And to think of what she managed to get away with. It has been said that Kate Bush was to the girls what Dylan was to the boys; somehow she freed something vital, emotionally and aesthetically, which listeners and emulators alike found irresistible to pursue and to adore. How could an album like The Kick Inside, with its unapologetically 1971 cover design, prosper in the middle of the interregnum between punk and post-punk? Perhaps because so many listeners—so many women—who liked the punk ethic but couldn’t abide the beer and fists undertow identified something in Bush’s music and art which could make them think equally: my God, someone is singing to me, FOR me, at last! “Wuthering Heights,” one of the most startling and brilliant of number one singles, with its frantic knocking in the rain on the stalwart oak door in the middle of the “wild, windy moors,” was the first chart-topper to be written and sung by a woman for other women. Even amidst the dying embers of punk, it appeared to have sprung from nowhere (unless as a reproachful Banquo’s ghost from 1967).
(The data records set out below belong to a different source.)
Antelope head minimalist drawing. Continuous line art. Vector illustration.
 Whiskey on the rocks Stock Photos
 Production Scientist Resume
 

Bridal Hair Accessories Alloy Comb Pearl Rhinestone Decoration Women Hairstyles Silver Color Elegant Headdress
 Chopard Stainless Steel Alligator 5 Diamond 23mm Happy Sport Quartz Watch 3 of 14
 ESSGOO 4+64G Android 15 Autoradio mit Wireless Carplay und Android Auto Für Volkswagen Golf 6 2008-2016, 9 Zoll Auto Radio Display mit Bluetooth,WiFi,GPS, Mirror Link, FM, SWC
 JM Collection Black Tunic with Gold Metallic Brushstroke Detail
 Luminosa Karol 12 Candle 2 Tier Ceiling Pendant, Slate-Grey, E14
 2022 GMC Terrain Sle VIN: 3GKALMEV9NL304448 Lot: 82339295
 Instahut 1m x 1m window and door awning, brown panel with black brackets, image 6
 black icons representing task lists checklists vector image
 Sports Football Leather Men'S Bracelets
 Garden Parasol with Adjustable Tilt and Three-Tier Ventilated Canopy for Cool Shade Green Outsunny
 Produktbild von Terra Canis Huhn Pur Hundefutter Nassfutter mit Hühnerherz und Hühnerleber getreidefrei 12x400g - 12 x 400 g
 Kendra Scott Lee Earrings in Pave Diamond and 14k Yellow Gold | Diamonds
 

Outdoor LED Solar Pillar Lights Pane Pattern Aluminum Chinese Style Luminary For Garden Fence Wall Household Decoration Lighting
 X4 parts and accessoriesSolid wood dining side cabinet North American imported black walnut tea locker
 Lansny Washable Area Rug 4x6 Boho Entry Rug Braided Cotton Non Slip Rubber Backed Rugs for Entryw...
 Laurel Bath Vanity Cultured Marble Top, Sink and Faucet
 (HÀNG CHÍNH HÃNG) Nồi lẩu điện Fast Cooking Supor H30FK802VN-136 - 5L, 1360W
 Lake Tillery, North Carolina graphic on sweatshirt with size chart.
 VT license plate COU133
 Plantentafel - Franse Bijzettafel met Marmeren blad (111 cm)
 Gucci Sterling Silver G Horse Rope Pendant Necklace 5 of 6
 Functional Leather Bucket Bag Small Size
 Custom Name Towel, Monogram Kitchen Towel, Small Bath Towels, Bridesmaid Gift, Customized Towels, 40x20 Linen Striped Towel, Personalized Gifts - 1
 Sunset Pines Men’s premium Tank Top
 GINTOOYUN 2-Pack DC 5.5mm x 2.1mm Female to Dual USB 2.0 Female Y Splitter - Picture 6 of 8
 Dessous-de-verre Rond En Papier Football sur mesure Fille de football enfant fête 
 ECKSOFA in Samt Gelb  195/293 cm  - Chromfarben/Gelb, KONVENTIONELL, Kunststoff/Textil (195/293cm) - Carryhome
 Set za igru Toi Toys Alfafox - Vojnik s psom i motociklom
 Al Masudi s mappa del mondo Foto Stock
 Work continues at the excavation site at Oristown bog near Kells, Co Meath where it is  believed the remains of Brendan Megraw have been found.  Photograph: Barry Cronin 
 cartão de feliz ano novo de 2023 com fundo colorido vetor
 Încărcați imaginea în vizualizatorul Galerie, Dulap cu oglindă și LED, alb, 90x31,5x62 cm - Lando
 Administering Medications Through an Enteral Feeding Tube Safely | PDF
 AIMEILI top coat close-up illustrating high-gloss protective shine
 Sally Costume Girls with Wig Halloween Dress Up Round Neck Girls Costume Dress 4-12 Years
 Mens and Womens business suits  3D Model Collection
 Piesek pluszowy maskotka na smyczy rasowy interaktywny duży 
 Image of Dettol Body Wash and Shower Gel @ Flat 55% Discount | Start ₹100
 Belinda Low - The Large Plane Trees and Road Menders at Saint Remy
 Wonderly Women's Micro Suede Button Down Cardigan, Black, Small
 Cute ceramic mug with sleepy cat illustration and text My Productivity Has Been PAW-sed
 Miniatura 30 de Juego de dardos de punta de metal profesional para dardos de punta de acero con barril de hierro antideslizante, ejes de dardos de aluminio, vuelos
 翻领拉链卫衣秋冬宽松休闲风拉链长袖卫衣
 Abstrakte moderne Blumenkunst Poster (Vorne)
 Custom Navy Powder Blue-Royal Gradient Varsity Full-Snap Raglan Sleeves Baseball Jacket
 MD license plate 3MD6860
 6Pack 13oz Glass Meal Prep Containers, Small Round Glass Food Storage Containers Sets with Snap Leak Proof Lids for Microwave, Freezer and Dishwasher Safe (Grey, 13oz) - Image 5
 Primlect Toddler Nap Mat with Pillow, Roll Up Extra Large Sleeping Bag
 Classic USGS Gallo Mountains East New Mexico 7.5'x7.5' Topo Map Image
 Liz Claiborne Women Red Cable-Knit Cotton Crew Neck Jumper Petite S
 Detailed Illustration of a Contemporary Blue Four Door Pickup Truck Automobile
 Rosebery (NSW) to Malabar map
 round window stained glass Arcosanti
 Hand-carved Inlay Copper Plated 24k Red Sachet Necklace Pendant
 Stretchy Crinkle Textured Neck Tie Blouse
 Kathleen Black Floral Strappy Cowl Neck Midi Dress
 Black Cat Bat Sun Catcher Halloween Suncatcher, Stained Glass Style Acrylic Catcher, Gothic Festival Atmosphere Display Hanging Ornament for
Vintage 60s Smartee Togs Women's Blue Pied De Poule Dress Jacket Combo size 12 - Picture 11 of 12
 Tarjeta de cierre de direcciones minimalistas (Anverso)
Precedents in pop from Petula to Quatro struck poses of assertiveness and independence but men still wrote and produced their songs; likewise there was no Vashti vulnerability in Kate. Cathy wants back in, but strictly on her terms (“They told me I was going to lose the fight”), and in its union of Emily B’s Cathy and Cathy Come Home, the 1966 BBC drama about homelessness, “Wuthering Heights” stands for the final breakthrough by the female musician (even Patti Smith had to break through using a Van Morrison canvas), ready to storm the citadel with courage, charm, and candor.


Who else in 1978 was writing songs about period pains (“Strange Phenomena”), the joys of female self-pleasure (“L’Amour Looks Something Like You”), or suicidal incestuous pregnancy (“The Kick Inside”)—and who else sung such songs with such a stark, sheer voice, seeming to glide and swoop at will, covering three-and-a-half octaves with minimal apparent effort? Even those chord progressions on the piano—their delayed sustain, their unexpected trapdoor modulations, the very fingers which were playing them—couldn’t be ascribed to any realistic precedent; for one very important thing, they sounded so unambiguously feminine.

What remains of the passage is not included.